The vast majority of the European solar industry will be celebrating the removal of the Minimum Import Price for Chinese PV cells and modules coming into Europe. As of midnight tonight it will cease. This will have a number of consequences both in terms of new solar projects and European manufacturing. As subsidy-free solar is beginning to stack up in many European countries, falling equipment prices should create a major boost to the economics of projects. Projects which were previously borderline in terms financial viability will hopefully now be in a position to go ahead making installing solar more attractive at all scales.

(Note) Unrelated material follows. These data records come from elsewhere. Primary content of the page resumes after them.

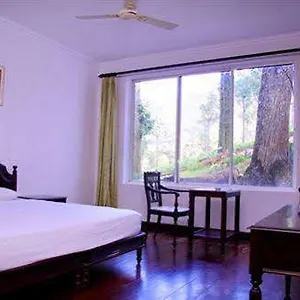 Hotel Oak Field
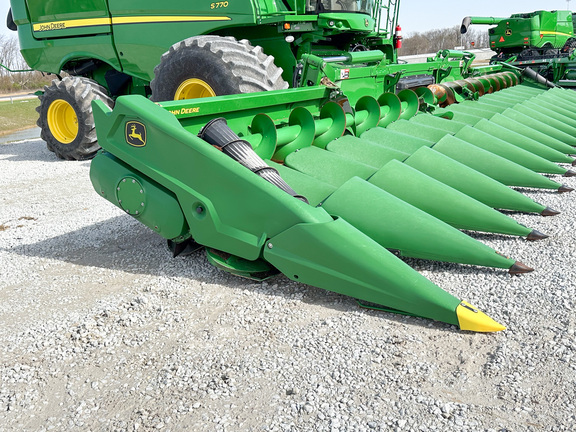 2022 John Deere C16F Header Corn Head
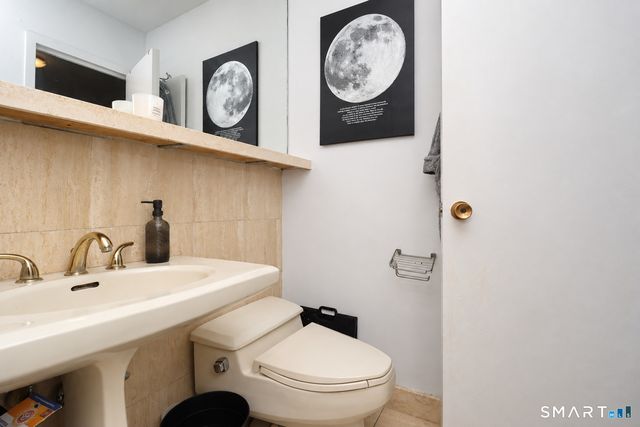 44 Strawberry Hill Avenue 8K, Stamford, CT 06902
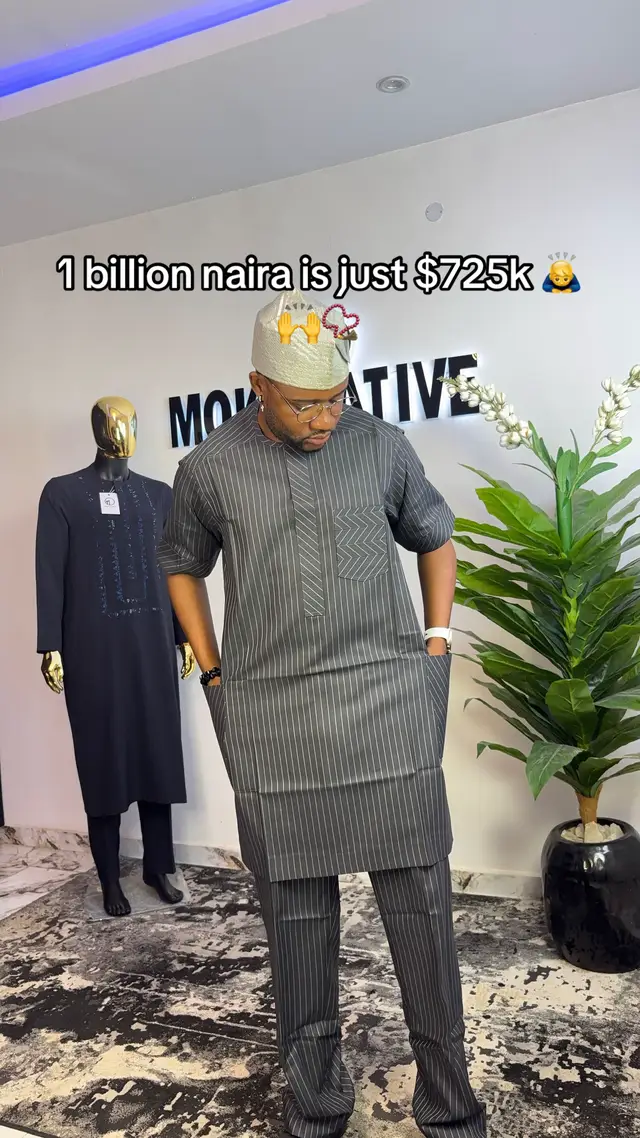 1 billion naira is just $725k 🙇‍♂️🙌📿.  #kaftan #africantiktok #stripes #Mokreative #explore 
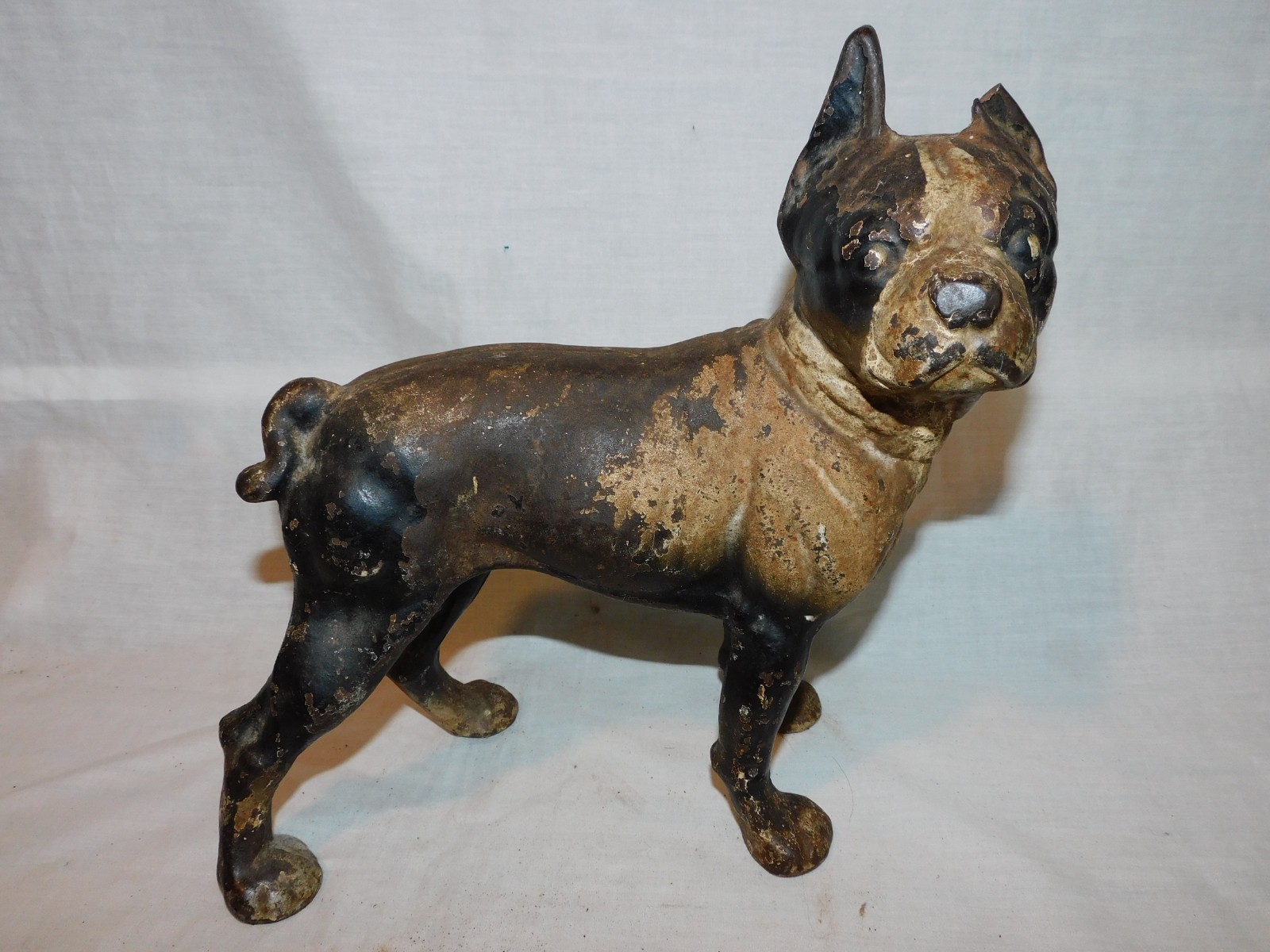 Antique Hubley Boston Terrier CAST IRON DOG DOORSTOP WITH BROKEN EAR.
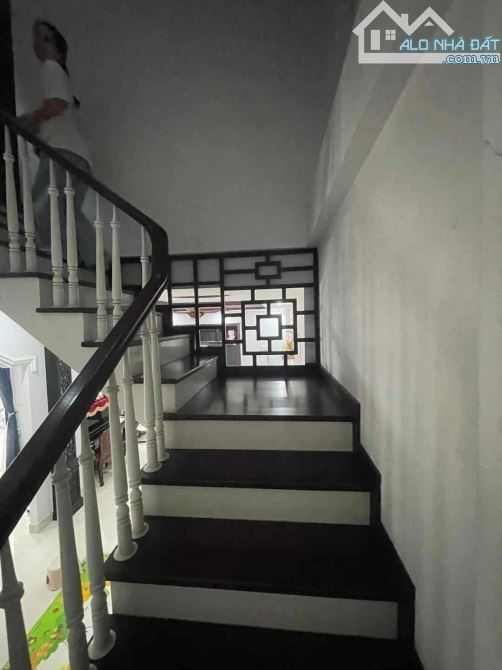 Gần Sông - Gần Biển ! BIỆT THỰ 3 Tầng - Đất 157m2 ngay KDT Nam Việt Á - Đà Nẵng nhỉnh 11.x - 3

We will also certainly see a consolidation on the manufacturing side. With MIP protecting many smaller European PV manufacturers, I am sure many will now struggle to compete. Over the next couple of years I would predict that only the very large manufacturers will be able to survive and dominate the industry.
Having worked in the solar and clean energy sector for the last eight years, I look forward to seeing how the next chapter unfolds.
In an unexpectedly early announcement, the European Commission has decided to end EU anti-dumping and anti-subsidy measures on solar PV cells and modules from China at midnight on September 3. James Watson, CEO of SolarPower Europe, told pv magazine, “SolarPower Europe has fought hard for the removal of these duties as we see them as a major barrier to the growth of solar in Europe. We are pleased that the Commission will follow its plan to eliminate the measures on 3 September, while at the same time we must now have a strong industrial policy put in place for solar manufacturing to grow in Europe.”